Whiplash, November 26-27
Whiplash is a dynamic and energetic tale of a talented young jazz drummer and his problematic relationship with his drillmaster band leader. Lead by breakout star Miles Teller and character actor extraordinaire J.K. Simmons, Whiplash is being praised for its performances and could win some big prizes as award season nears.
The Theory of Everything, November 26-December 4
The Theory of Everything is a biographical film which traces the story of Stephen and Jane Hawking. Eddie Redmayne and Felicity Jones team up in this story of intellectual genius, physical frailty, and enduring respect, affection, and love. Redmayne embodies Hawking impressively and will garner much award attention as well.
Warren Miller’s No Turning Back, November 27-28
Warren Miller’s 65th ski film is playing exclusively at Bytowne Cinema. It’s precisely what you would expect from Warren Miller’s work; gorgeous scenery, impressive aerial feats, and a tour of some of the world’s most remote and beautiful mountaintops. Featuring footage from some of today’s most accomplished skiers, including Olympians Ted Ligety and Bode Miller, No Turning Back combines accomplished athletics with skilled filmaking.
Rosewater, November 28-December 11
Jon Stewart’s directorial debut is Rosewater, based on the true story of Maziar Bahari, an Iranian journalist. With the screenplay also written by Stewart, Rosewater tells the tale of Bahari’s imprisonment and the psychological torment he endures. Bahari is well played by Gael García Bernal in a demanding role. The film tackles big themes, including imprisonment, freedom of the press, and international politics, and Stewart handles his role as rookie writer and director admirably.

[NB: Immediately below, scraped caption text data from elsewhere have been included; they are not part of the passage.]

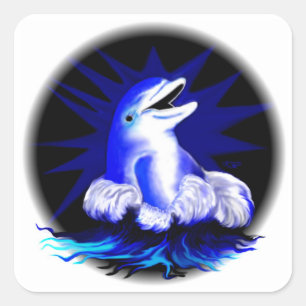 Lachender Delfin Square Sticker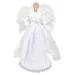 14" White Angel with Lighted Wings Christmas Tree Topper - 14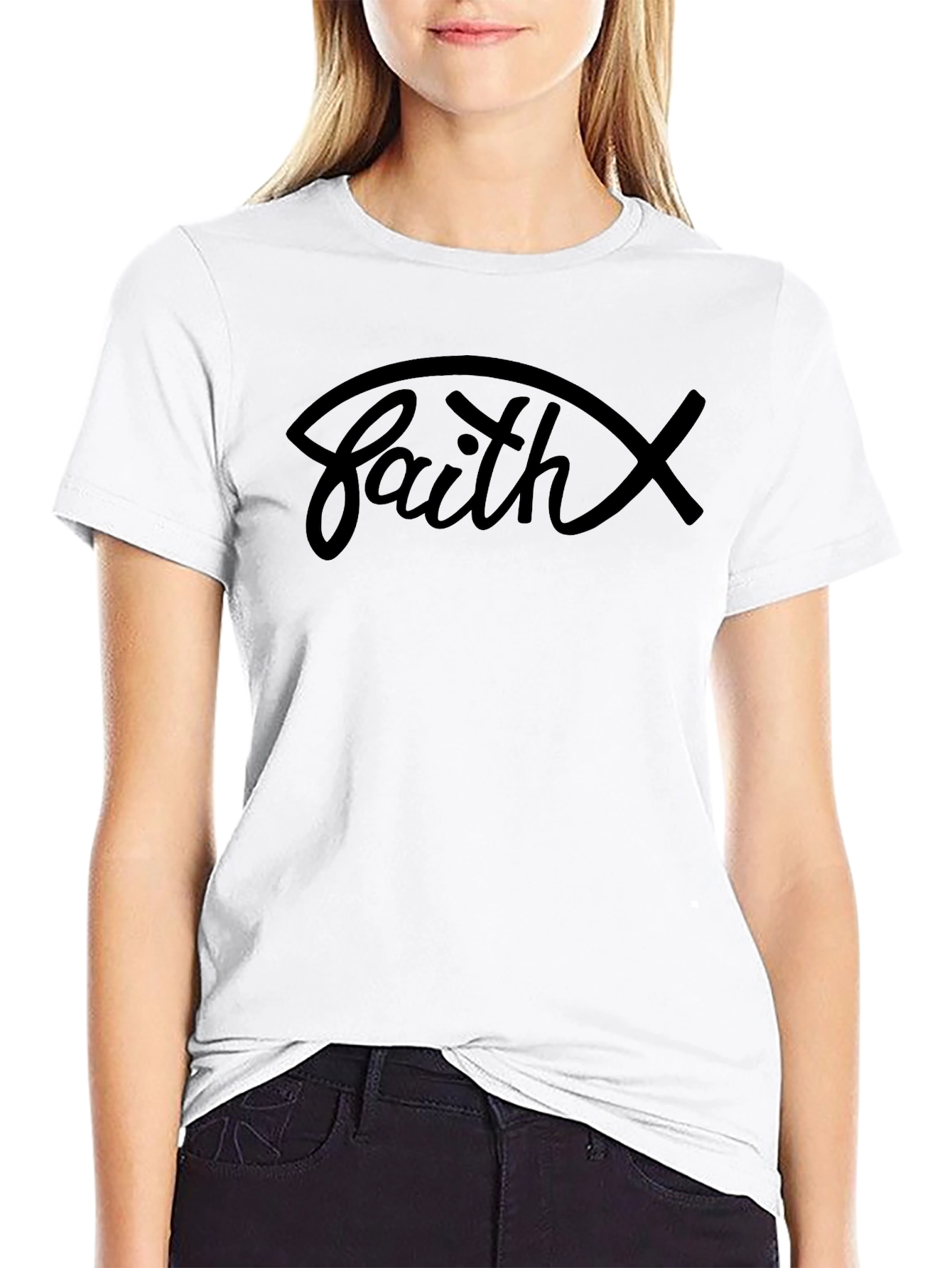 Faith Graphic Tee - Christian Fish Symbol Shirt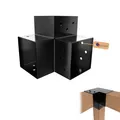 GeZu Impex Pfostenecke für 3 Balken 121 x 121 mm Schwarz Pulverbeschichtet Eckve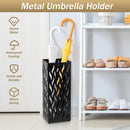 Metal Umbrella Stand Rack in White - Rectangular Design, Holds 4-8 Umbrellas, 16.5x16.5x42cm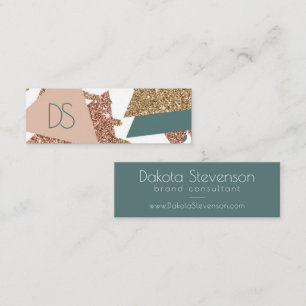 80s Retro Abstract   70s Green and Gold Monogram Mini Business Card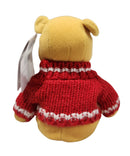 Snowflake Sweater Pooh, Vintage Disney Plush, Winnie the Pooh, 8"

This is Where I Leave You, November 29-December 1
This film, based on the 2009 novel of the same name by Jonathan Tropper, tells the tale of a large and dysfunctional family that reunites for the funeral of the patriarch. This is Where I Leave You boasts large and impressive cast that include some of the brightest actors of the current era, including Jason Bateman, Tina Fey, Rose Byrne, Connie Britton, Adam Driver, Timothy Olyphant, and Corey Stoll, and movie icon Jane Fonda as the matriarch. Each character represents a different aspect of dysfunction and tackles grief in their own way as the family sits shiva.
M*A*S*H, December 2-3
If you caught Altman, the documentary of the legendary American director which played at the Bytowne Cinema, you were probably nostaglic for the classic Altman films. Fortunately, few are better than his directorial debut from 1970, M*A*S*H. Starring Donald Sutherland, Tom Skerritt and Elliott Gould, this classic black comedy set during the Korean War spun off an iconic television series and inspired a generation of filmmakers and writers.